Girlhood offers many things probably not seen before. Films of the urban poor are often exclusively male so the film does feel unique for its female focus. It begins with an interesting sequence, in which a group of girls playing American football, Marieme included, with all the strength and grit that that would take. We then cut to the same group, shed of the bulky sports gear, walking home. As they split up into ever smaller groups and walk in amongst crowds of males, they become quieter and quieter, their heads kept lower and lower. It is a powerful sequence, in that it shows the subtle ways that paternalism has remained in society. Nothing in particular happens to anyone, but it is telling that the scene is nonetheless tense.
For all the things that are praiseworthy about Girlhood – its performances, its insight into a side of our society that hasn’t been seen in such detail before, its mostly fluid plotting – there are some things had don’t ring quite so true. The film is directed by Céline Sciamma, a white middle class woman, and, for all her very obvious skill, panache and understanding, there is an element of distance about her camera. Some critics have gone as far as saying that she is fetishizing her characters and, indeed, her performers. I wouldn’t go as far as that, but there is a distance that is maintained throughout. More problematic for me, however, is the film’s insistence on casting the film in a near fairy tale light. Girlhood is realistic and grim, but Sciamma seems to wants us to consider the film more as a work of symbolism. So we do get an insight into Marieme’s life and the cultural and socio-economic reasons for her indifference and dissatisfaction with the world outside her friends, but they are very shallow. Her teacher, castigating her off screen in one scene, is written off practically as a villain. The film’s refusal to judge does not stretch beyond the four members of Lady’s gang, which feels only like a denial of reality. More irritatingly, Sciamma prefers to see Marieme’s very real decline as some kind of positive, self-actualizing, even feminist experience. After every new low (her decision to start carrying a knife, her bullying, her petty crime, her abandonment of her home including her sister), the film cuts to a blank screen for a long stretch, scored with near triumphant, hopeful, transcendent music. By the end, Marieme has lost everything and Sciamma prefers to see this as character building, rather than what it is and what it would be in real life. By the end, Sciamma’s film seems to celebrate Marieme’s tough life for its fairy tale and feminist associations, in the process denying its very real difficulties. It seems, then, that it is not Marieme’s blackness that Sciamma is fetishizing, but her poverty.

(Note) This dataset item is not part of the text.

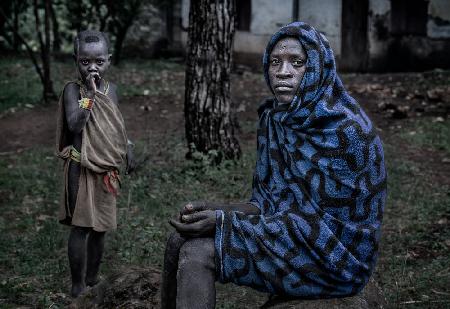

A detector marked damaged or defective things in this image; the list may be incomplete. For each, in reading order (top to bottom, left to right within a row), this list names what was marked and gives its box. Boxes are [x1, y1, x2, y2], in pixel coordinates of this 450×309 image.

There are a lot of films about the urban poor and the difficulties of their existence due to a range of factors from uncaring bureaucracy to unemployment to drugs to crime. Girlhood is worthy of celebration of approaching the subject from an angle too long ignored. It has a fantastic cast of young and honest actors. But what Girlhood depicts is real, not symbolic, and it is hard not to feel that a disservice has been done.